Work required — Locate "Ruby Pearl Esler beautiful model images" in the records below, then copy its line and every following line exactly, without the pictures.
****************
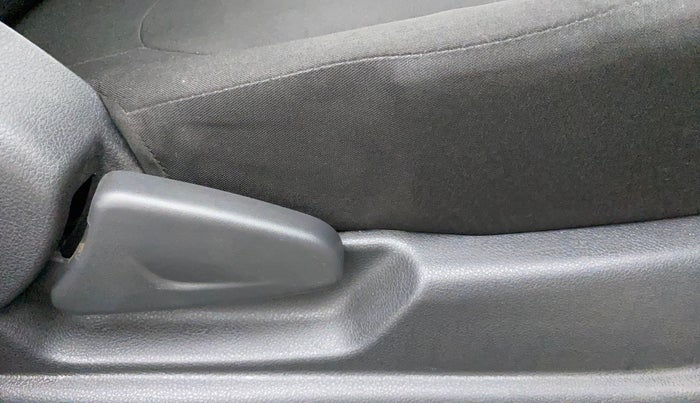 2016 Renault Kwid RXT 1.0, Petrol, Manual, 22,593 km, Driver Side Adjustment Panel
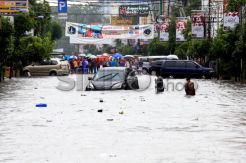 Aktivitas Perekonomian Lumpuh Karena Banjir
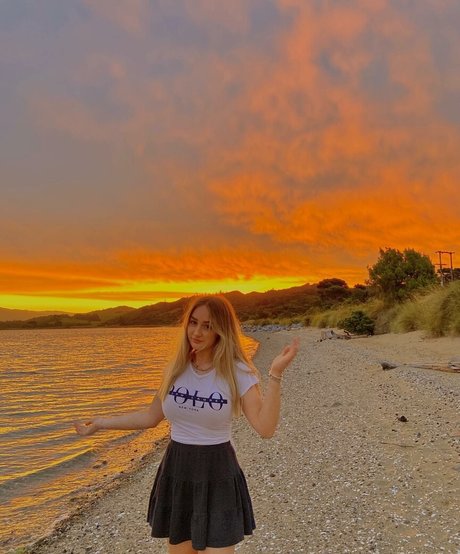 Ruby Pearl Esler beautiful model images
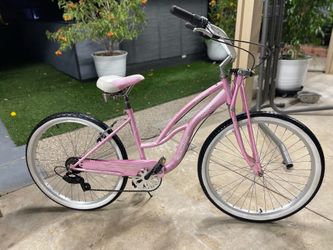 Schwinn Roxie 7-Speed Cruiser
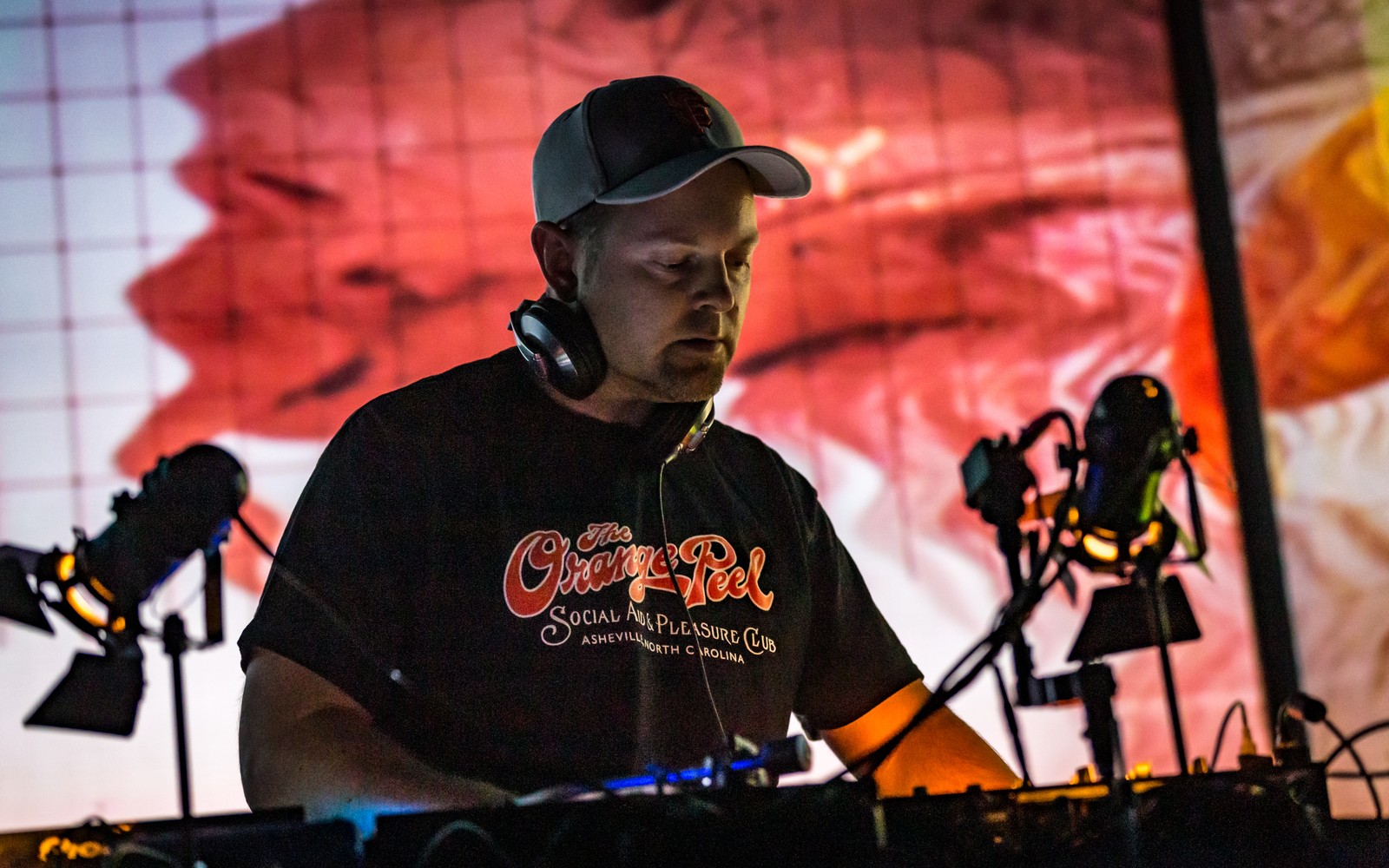 DJ Shadow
****************
Response for this exercise —
 Ruby Pearl Esler beautiful model images
 Schwinn Roxie 7-Speed Cruiser
 DJ Shadow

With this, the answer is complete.